WORK TASK:
Type the records out again in full, exactly.

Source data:
|---|
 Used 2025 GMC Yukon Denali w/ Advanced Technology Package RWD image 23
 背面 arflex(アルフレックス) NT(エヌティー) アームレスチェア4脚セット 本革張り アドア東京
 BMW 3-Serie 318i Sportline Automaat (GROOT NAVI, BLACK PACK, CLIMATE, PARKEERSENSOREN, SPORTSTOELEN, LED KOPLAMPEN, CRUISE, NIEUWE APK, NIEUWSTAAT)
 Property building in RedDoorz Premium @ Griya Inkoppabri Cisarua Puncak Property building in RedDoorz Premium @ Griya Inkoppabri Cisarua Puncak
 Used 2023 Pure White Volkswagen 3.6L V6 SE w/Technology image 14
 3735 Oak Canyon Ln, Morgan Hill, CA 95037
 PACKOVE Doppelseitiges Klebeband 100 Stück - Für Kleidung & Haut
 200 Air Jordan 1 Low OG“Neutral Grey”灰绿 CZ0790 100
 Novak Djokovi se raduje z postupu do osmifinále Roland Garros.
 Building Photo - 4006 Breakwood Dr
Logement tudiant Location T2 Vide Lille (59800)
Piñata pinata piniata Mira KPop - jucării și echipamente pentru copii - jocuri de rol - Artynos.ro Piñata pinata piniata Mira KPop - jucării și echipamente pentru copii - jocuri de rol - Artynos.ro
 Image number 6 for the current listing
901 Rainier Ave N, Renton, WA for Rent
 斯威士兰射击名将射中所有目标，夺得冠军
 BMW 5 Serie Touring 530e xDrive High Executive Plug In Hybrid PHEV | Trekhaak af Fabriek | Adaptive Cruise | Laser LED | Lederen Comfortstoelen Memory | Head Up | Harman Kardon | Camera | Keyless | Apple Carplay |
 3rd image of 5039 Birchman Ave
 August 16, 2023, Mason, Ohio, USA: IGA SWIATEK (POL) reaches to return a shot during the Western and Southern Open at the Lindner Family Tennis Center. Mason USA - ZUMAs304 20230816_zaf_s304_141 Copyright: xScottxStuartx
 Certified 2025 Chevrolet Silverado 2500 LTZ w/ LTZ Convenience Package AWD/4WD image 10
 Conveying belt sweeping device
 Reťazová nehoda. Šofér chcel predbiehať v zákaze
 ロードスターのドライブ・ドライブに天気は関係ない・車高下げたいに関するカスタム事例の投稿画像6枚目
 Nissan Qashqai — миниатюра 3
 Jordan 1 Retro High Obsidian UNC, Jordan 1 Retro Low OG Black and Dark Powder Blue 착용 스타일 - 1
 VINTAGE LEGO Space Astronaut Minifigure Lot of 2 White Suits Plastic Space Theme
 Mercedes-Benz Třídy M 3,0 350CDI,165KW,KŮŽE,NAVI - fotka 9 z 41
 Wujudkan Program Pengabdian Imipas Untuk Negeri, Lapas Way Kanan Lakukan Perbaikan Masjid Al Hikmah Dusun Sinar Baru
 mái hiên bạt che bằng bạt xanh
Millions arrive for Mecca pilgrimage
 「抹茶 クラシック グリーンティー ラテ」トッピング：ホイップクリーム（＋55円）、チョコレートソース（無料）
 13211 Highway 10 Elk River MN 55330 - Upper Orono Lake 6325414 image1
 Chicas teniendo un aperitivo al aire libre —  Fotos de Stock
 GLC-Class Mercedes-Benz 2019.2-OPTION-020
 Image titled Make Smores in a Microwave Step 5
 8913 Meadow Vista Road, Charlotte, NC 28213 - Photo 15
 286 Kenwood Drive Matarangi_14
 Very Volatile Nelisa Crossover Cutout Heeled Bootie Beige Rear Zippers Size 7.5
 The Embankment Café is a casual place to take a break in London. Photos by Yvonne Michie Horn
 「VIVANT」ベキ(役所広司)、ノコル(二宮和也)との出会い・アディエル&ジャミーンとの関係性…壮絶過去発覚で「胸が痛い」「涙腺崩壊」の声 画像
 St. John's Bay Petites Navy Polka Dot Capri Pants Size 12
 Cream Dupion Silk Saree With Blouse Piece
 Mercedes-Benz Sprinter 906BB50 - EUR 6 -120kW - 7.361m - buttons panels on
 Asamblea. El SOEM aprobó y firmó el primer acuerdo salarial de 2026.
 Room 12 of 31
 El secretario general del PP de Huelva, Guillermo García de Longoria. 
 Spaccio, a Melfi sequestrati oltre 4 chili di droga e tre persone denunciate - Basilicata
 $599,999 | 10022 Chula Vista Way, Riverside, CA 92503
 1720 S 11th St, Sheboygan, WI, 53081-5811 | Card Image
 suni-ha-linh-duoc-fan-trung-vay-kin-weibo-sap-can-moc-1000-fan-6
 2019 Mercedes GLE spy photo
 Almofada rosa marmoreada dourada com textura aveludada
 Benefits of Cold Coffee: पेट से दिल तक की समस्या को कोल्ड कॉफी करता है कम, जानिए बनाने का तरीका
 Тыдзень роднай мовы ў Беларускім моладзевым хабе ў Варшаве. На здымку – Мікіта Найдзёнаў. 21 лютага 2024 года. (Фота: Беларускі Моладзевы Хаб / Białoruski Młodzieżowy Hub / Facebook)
|---|
TASK SOLUTION:
 Used 2025 GMC Yukon Denali w/ Advanced Technology Package RWD image 23
 背面 arflex(アルフレックス) NT(エヌティー) アームレスチェア4脚セット 本革張り アドア東京
 BMW 3-Serie 318i Sportline Automaat (GROOT NAVI, BLACK PACK, CLIMATE, PARKEERSENSOREN, SPORTSTOELEN, LED KOPLAMPEN, CRUISE, NIEUWE APK, NIEUWSTAAT)
 Property building in RedDoorz Premium @ Griya Inkoppabri Cisarua Puncak Property building in RedDoorz Premium @ Griya Inkoppabri Cisarua Puncak
 Used 2023 Pure White Volkswagen 3.6L V6 SE w/Technology image 14
 3735 Oak Canyon Ln, Morgan Hill, CA 95037
 PACKOVE Doppelseitiges Klebeband 100 Stück - Für Kleidung & Haut
 200 Air Jordan 1 Low OG“Neutral Grey”灰绿 CZ0790 100
 Novak Djokovi se raduje z postupu do osmifinále Roland Garros.
 Building Photo - 4006 Breakwood Dr
Logement tudiant Location T2 Vide Lille (59800)
Piñata pinata piniata Mira KPop - jucării și echipamente pentru copii - jocuri de rol - Artynos.ro Piñata pinata piniata Mira KPop - jucării și echipamente pentru copii - jocuri de rol - Artynos.ro
 Image number 6 for the current listing
901 Rainier Ave N, Renton, WA for Rent
 斯威士兰射击名将射中所有目标，夺得冠军
 BMW 5 Serie Touring 530e xDrive High Executive Plug In Hybrid PHEV | Trekhaak af Fabriek | Adaptive Cruise | Laser LED | Lederen Comfortstoelen Memory | Head Up | Harman Kardon | Camera | Keyless | Apple Carplay |
 3rd image of 5039 Birchman Ave
 August 16, 2023, Mason, Ohio, USA: IGA SWIATEK (POL) reaches to return a shot during the Western and Southern Open at the Lindner Family Tennis Center. Mason USA - ZUMAs304 20230816_zaf_s304_141 Copyright: xScottxStuartx
 Certified 2025 Chevrolet Silverado 2500 LTZ w/ LTZ Convenience Package AWD/4WD image 10
 Conveying belt sweeping device
 Reťazová nehoda. Šofér chcel predbiehať v zákaze
 ロードスターのドライブ・ドライブに天気は関係ない・車高下げたいに関するカスタム事例の投稿画像6枚目
 Nissan Qashqai — миниатюра 3
 Jordan 1 Retro High Obsidian UNC, Jordan 1 Retro Low OG Black and Dark Powder Blue 착용 스타일 - 1
 VINTAGE LEGO Space Astronaut Minifigure Lot of 2 White Suits Plastic Space Theme
 Mercedes-Benz Třídy M 3,0 350CDI,165KW,KŮŽE,NAVI - fotka 9 z 41
 Wujudkan Program Pengabdian Imipas Untuk Negeri, Lapas Way Kanan Lakukan Perbaikan Masjid Al Hikmah Dusun Sinar Baru
 mái hiên bạt che bằng bạt xanh
Millions arrive for Mecca pilgrimage
 「抹茶 クラシック グリーンティー ラテ」トッピング：ホイップクリーム（＋55円）、チョコレートソース（無料）
 13211 Highway 10 Elk River MN 55330 - Upper Orono Lake 6325414 image1
 Chicas teniendo un aperitivo al aire libre —  Fotos de Stock
 GLC-Class Mercedes-Benz 2019.2-OPTION-020
 Image titled Make Smores in a Microwave Step 5
 8913 Meadow Vista Road, Charlotte, NC 28213 - Photo 15
 286 Kenwood Drive Matarangi_14
 Very Volatile Nelisa Crossover Cutout Heeled Bootie Beige Rear Zippers Size 7.5
 The Embankment Café is a casual place to take a break in London. Photos by Yvonne Michie Horn
 「VIVANT」ベキ(役所広司)、ノコル(二宮和也)との出会い・アディエル&ジャミーンとの関係性…壮絶過去発覚で「胸が痛い」「涙腺崩壊」の声 画像
 St. John's Bay Petites Navy Polka Dot Capri Pants Size 12
 Cream Dupion Silk Saree With Blouse Piece
 Mercedes-Benz Sprinter 906BB50 - EUR 6 -120kW - 7.361m - buttons panels on
 Asamblea. El SOEM aprobó y firmó el primer acuerdo salarial de 2026.
 Room 12 of 31
 El secretario general del PP de Huelva, Guillermo García de Longoria. 
 Spaccio, a Melfi sequestrati oltre 4 chili di droga e tre persone denunciate - Basilicata
 $599,999 | 10022 Chula Vista Way, Riverside, CA 92503
 1720 S 11th St, Sheboygan, WI, 53081-5811 | Card Image
 suni-ha-linh-duoc-fan-trung-vay-kin-weibo-sap-can-moc-1000-fan-6
 2019 Mercedes GLE spy photo
 Almofada rosa marmoreada dourada com textura aveludada
 Benefits of Cold Coffee: पेट से दिल तक की समस्या को कोल्ड कॉफी करता है कम, जानिए बनाने का तरीका
 Тыдзень роднай мовы ў Беларускім моладзевым хабе ў Варшаве. На здымку – Мікіта Найдзёнаў. 21 лютага 2024 года. (Фота: Беларускі Моладзевы Хаб / Białoruski Młodzieżowy Hub / Facebook)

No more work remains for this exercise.